Indonezja w obiektywie, a ściślej, obrzędy pogrzebowe w indonezyjskim regionie Tana Toraja zaprezentowane przez Piotra Kloczkowskiego – jeleniogórskiego fotografa i podróżnika, m.in. po krajach: Australii, Japonii, Tajlandii, Indiach, Wietnamie, a ostatnio – właśnie Indonezji, to zbiór fotografii reportażowych z kilku konkretnych lokacji. Miejscowości, do których wyruszył artysta w celu uchwycenia na zdjęciach ceremonii towarzyszących „ostatniej drodze”; celem, jak sam to określił, „rzucenia okiem” na tradycję, której większość z nas nigdy nie zobaczy.
Na zdjęciach Kloczowskiego, ukazujących w chronologicznym porządku obrzędy pogrzebowe w indonezyjskim regionie Tana Toraja, pogrzeb jawi się jako wielka, pieczołowicie obmyślona i tak samo przygotowana uroczystość, trwająca trzy dni. Uroczystość krwawa, podczas której odbywa się rzeź zwierząt hodowlanych, w pierwszej chwili – sprawiająca wrażenie zupełnie bezsensownej i niepotrzebnej. Z kolei po dłuższym obcowaniu z pracami autora, pobudzająca do głębszej refleksji. Zastanowienia się nad tym, że to, co dla nas niezrozumiałe, gdzie indziej może być na porządku dziennym i nie budzić żadnych kontrowersji.
– Na pogrzebie w regionie Tana Toraja w Indonezji, w którym i ja uczestniczyłem, było jakieś dwa tysiące osób. W drugim dniu ceremonii, składano ofiary z bawołów, krwawe, uroczyste i szokujące dla kogoś przyjezdnego.

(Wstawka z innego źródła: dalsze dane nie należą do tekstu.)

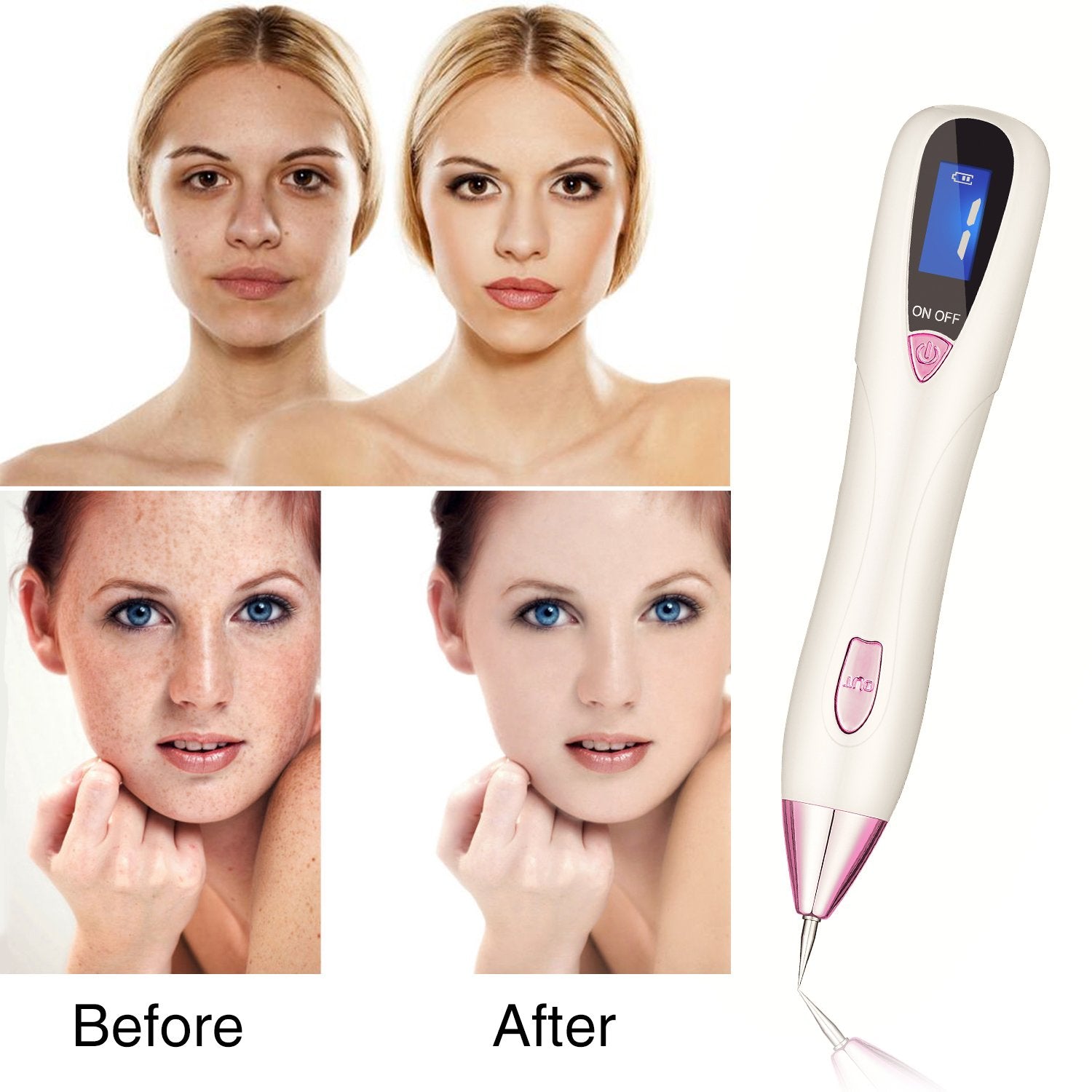 Skin Tag Remover Pen - 9 Levels Portable Mole Removal Kit, Home Use Tag Buddy Beauty Tool Set, FDA Cleared Device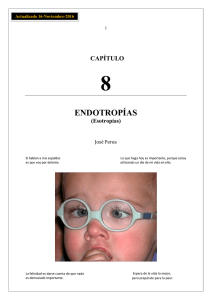 endotropías - Doctor José Perea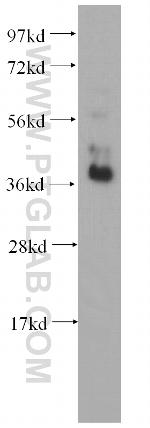 RBM4 Antibody in Western Blot (WB)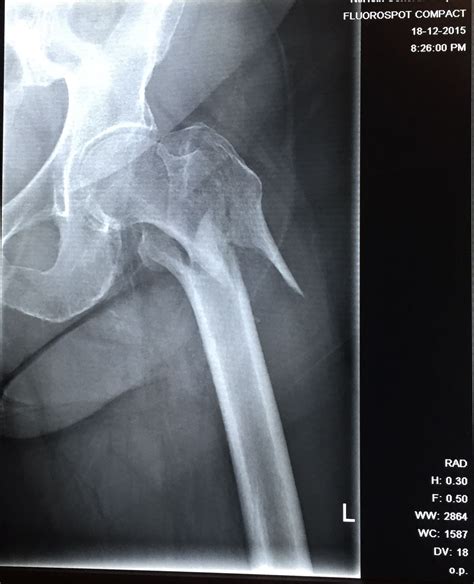 Left Hip Fracture - X-Ray — Steemit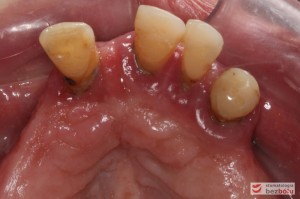 Stan wyjściowy - bez protez, liczne braki zębowe i po 2 nierokujące zęby w szczęce i żuchwie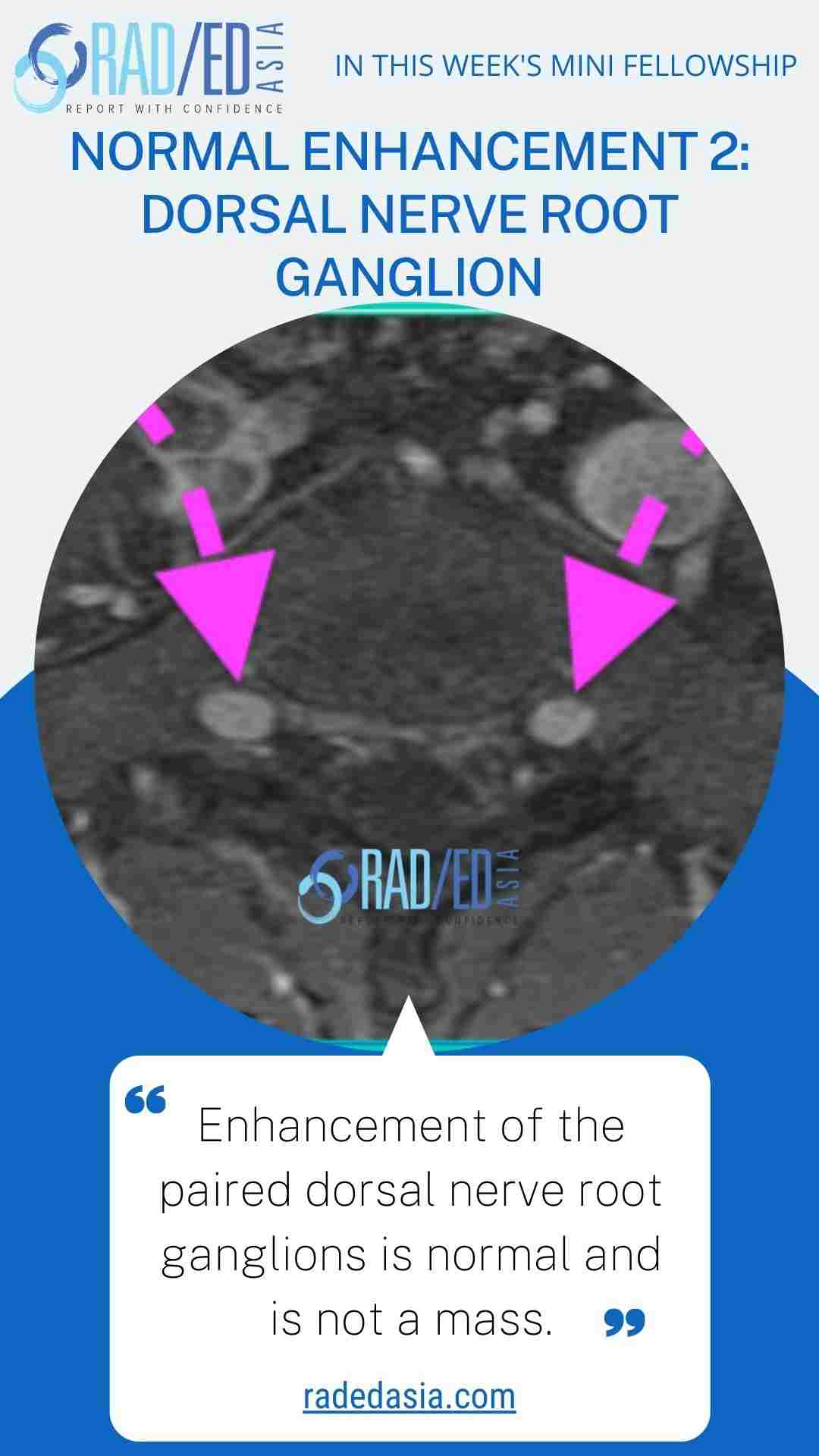 dorsal nerve root ganglion enhancement radedasia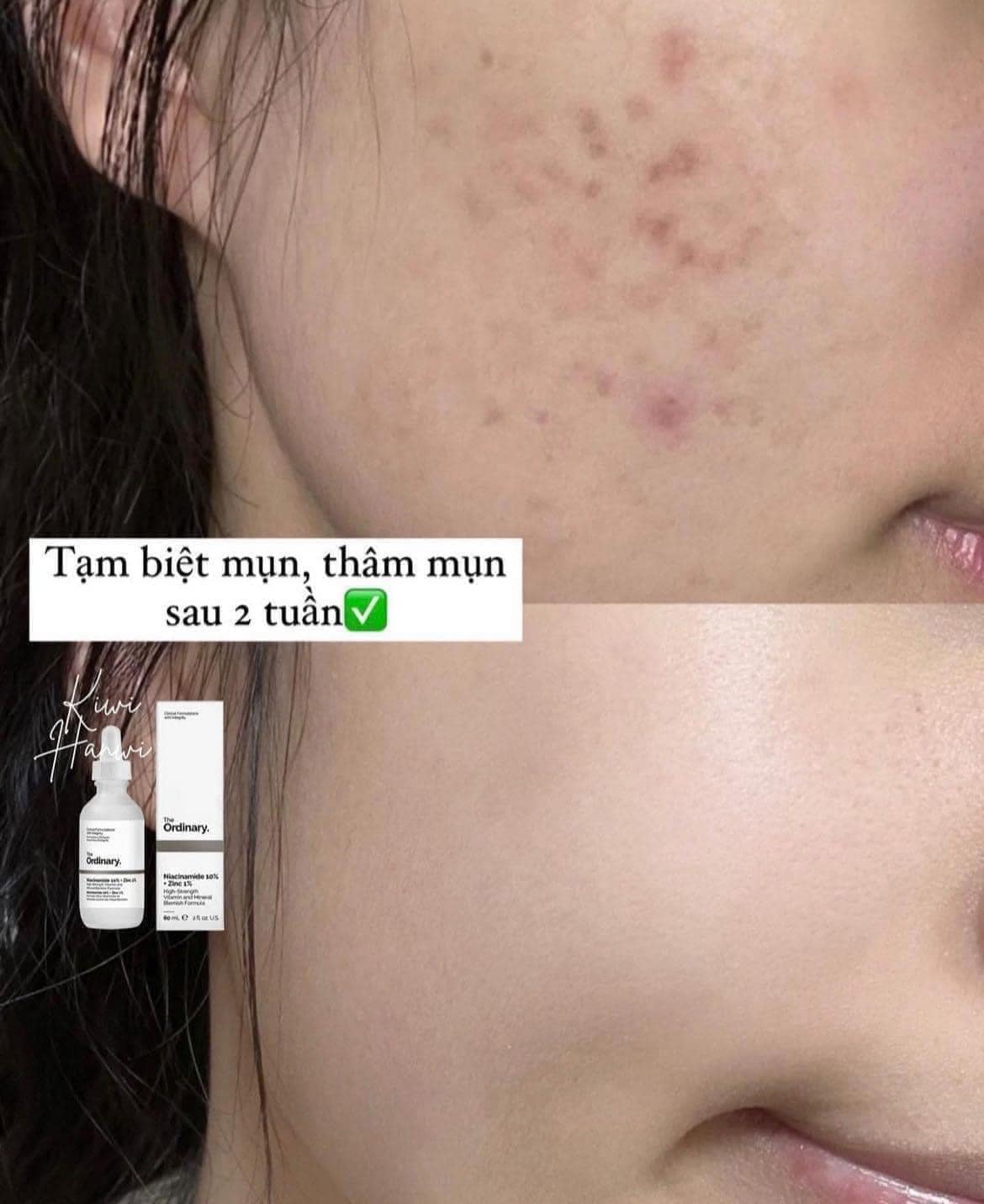 Serum the ordinary zin C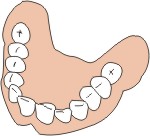 protesi mobile dentiera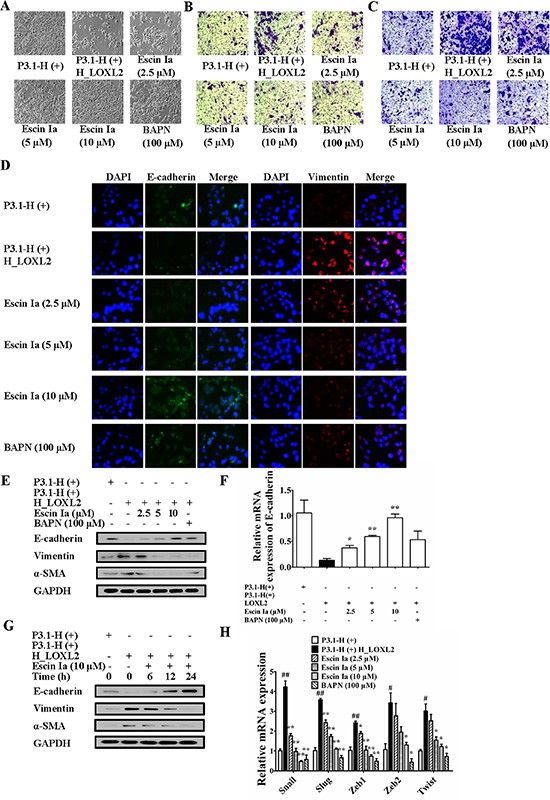 Effect of escin Ia on epithelial-mesenchymal transition in LOXL2-transfected MCF-7 cells.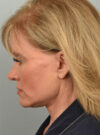 Facelift case #11928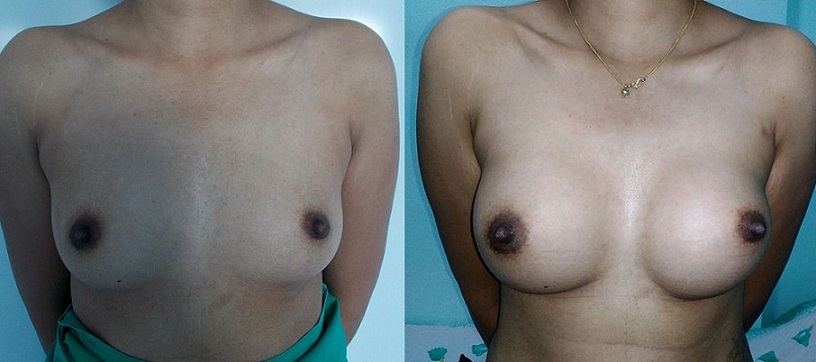 Breast Surgery procedure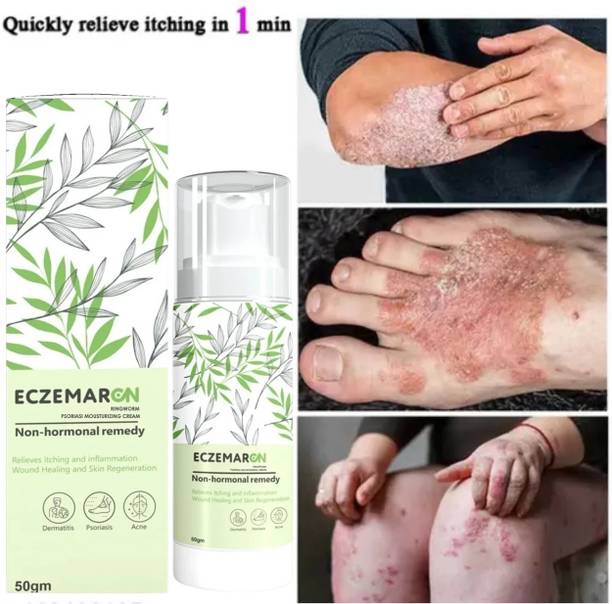 Rudramani Eczema Ringworms Anti fungals Cream for Ringworm, itching Cream, Eczema & Skin Infection, Skin Tretment, Skin Moisturizer Cream For Men And Women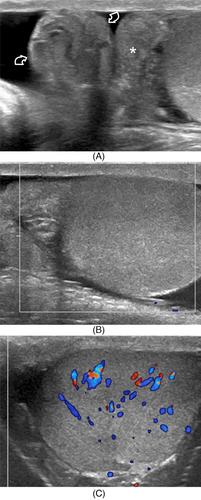 Details are in the caption following the image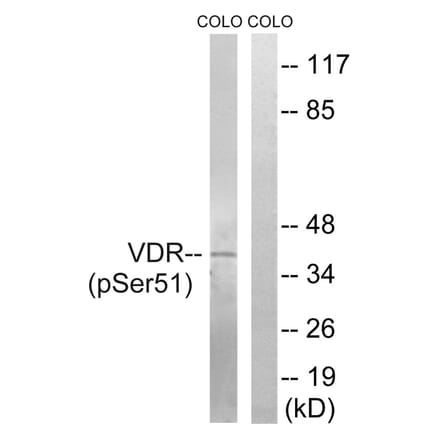 Western blot - Vitamin D3 Receptor (Phospho-Ser51) Antibody from Signalway Antibody (12155) - Antibodies.com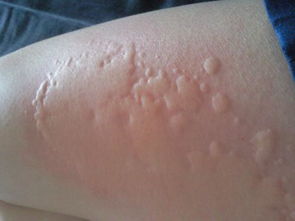 小心盆栽：女子白癜风恶化，表妹送的乔迁礼成罪魁祸首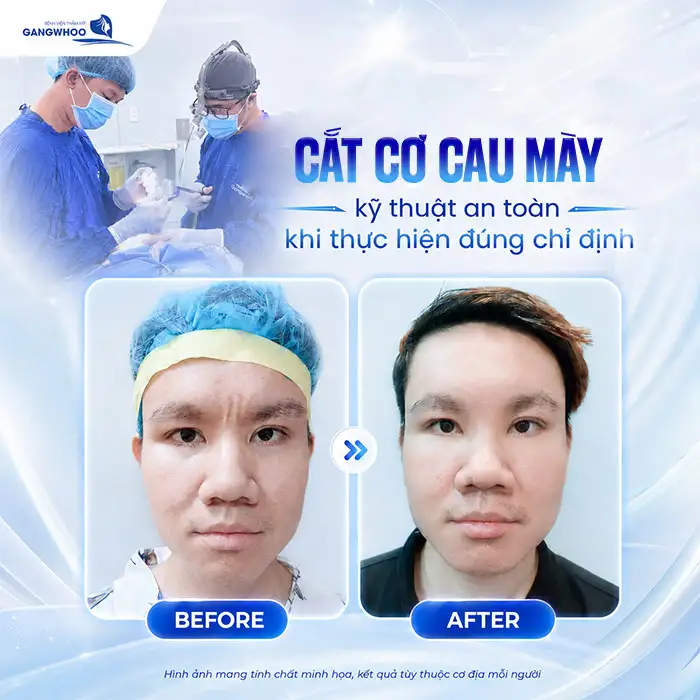 Cắt Cơ Cau Mày Giá Bao Nhiêu? Cập Nhật Bảng Giá Mới 2026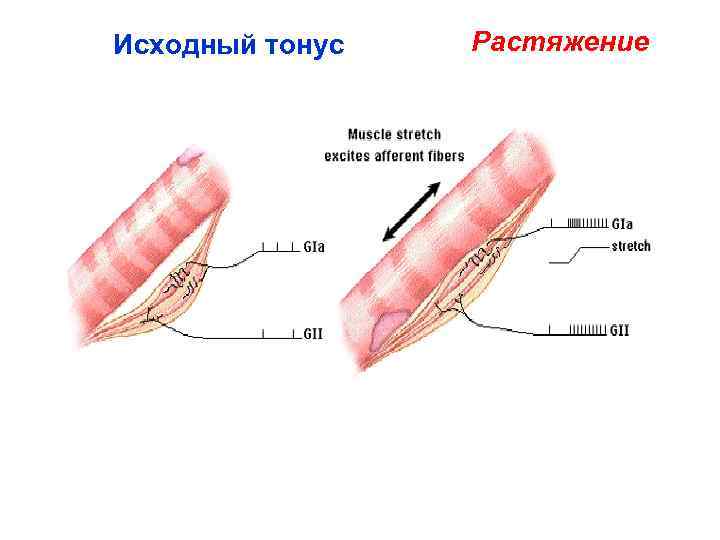 Исходный тонус Растяжение 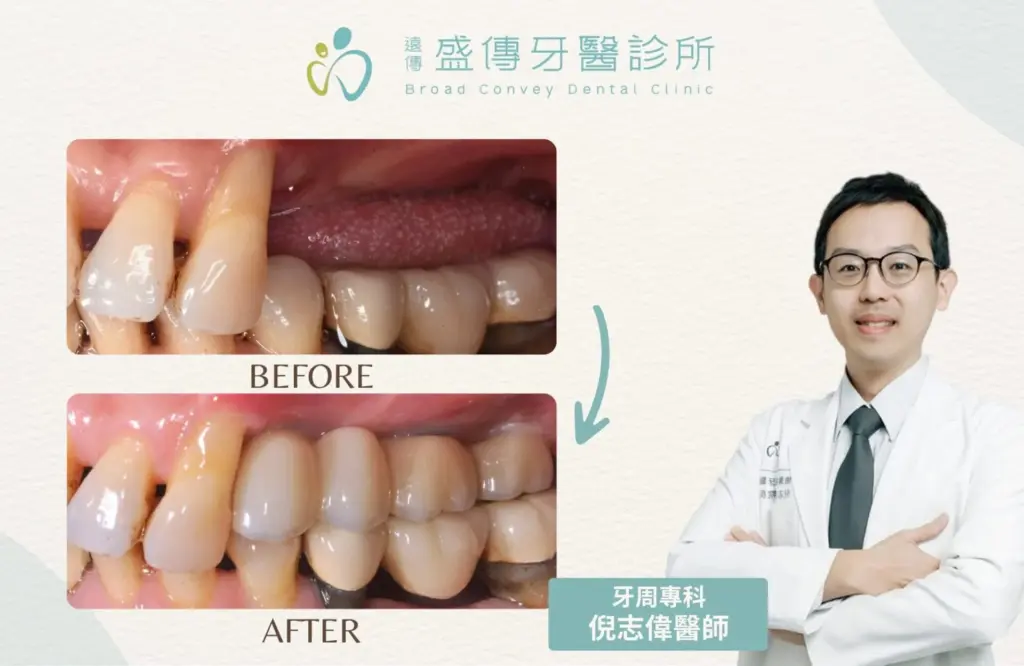 case 28 03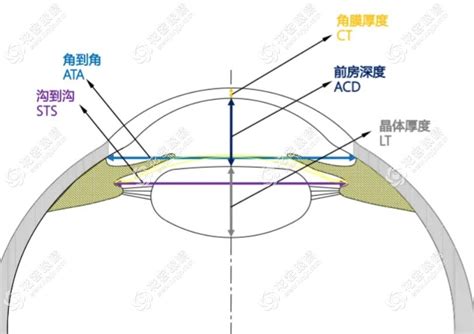 拱高|ICL植入术后拱高的预测及研究进展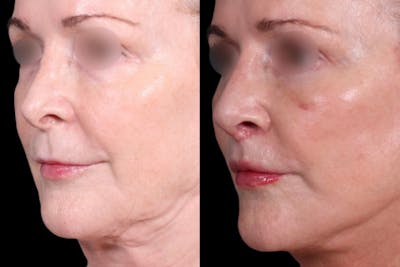 Facelift Before & After Gallery - Patient 328973 - Image 1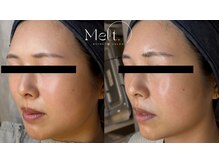 メルト 中目黒(Melt.)/＊ララピール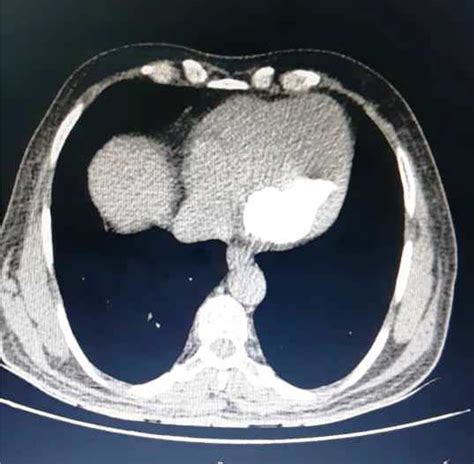 A Giant Calcified Amorphous Tumor In The Left Ventricle Presenting With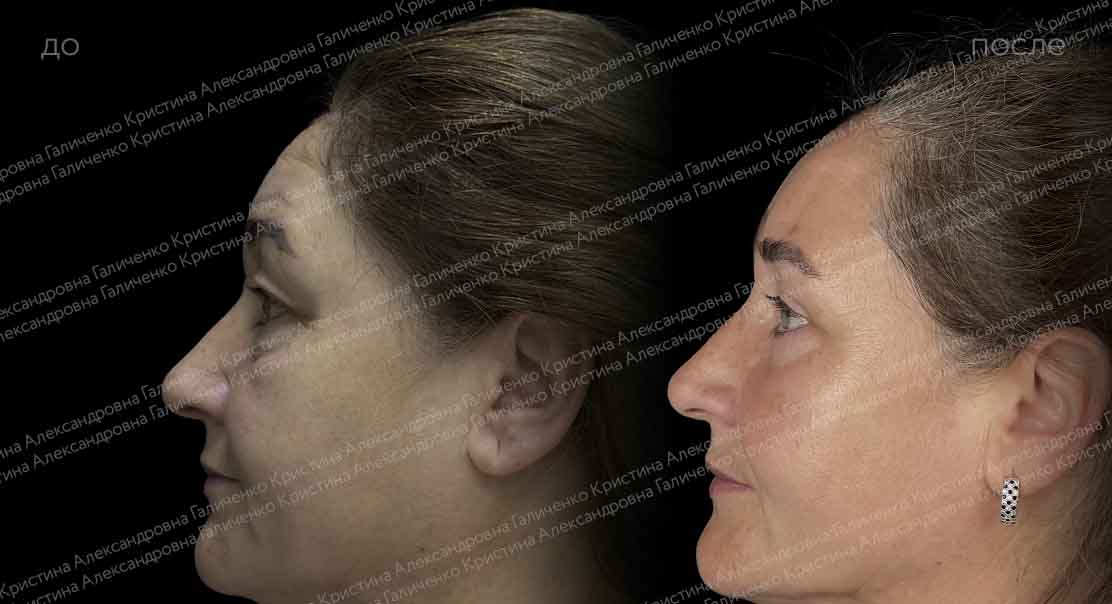 Пластика верхних и нижних век + миопексия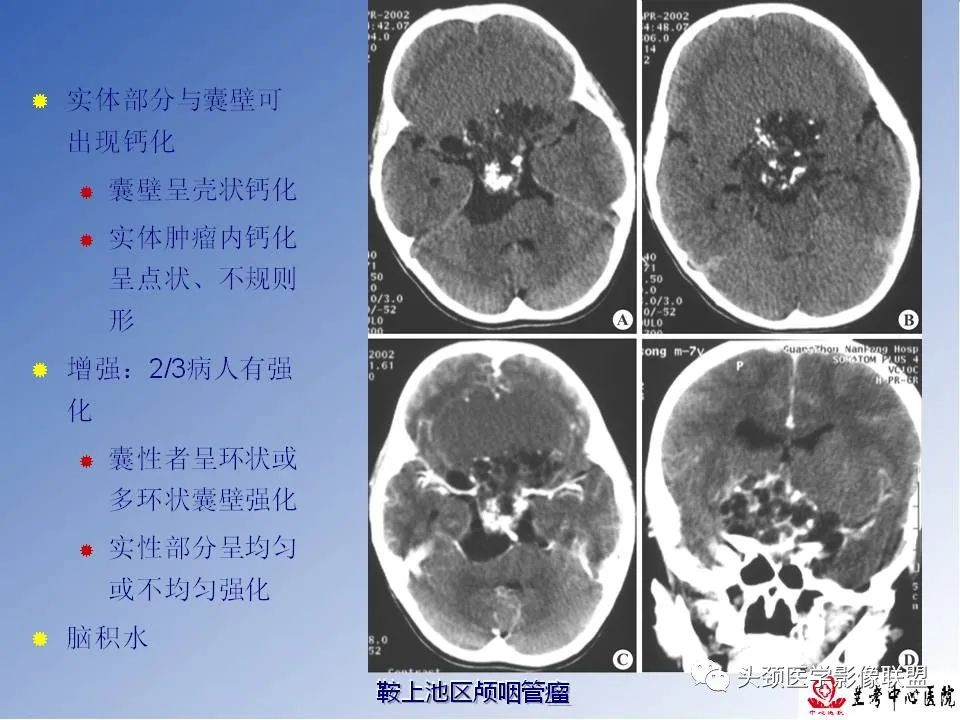 影像PPT - 【PPT】颅脑常见肿瘤影像诊断及鉴别-56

Te m.in. można zobaczyć na prezentowanych tu zdjęciach, których „brutalność” w pierwszej chwili też może szokować. Należy jednak pamiętać, że tam, w Indonezji, owa brutalność jest w pełni uzasadniona. To istotny element tradycji, z którym się nie polemizuje – mówił nam Piotr Kloczkowski.
Odważną, mocną, wyrazistą, obdarzoną olbrzymim ładunkiem ekspresji wystawę „Pogrzeb w Tana Toraja” można oglądać w Galerii Skene w foyer Teatru im. Norwida w Jeleniej Górze. Z pewnością – warto.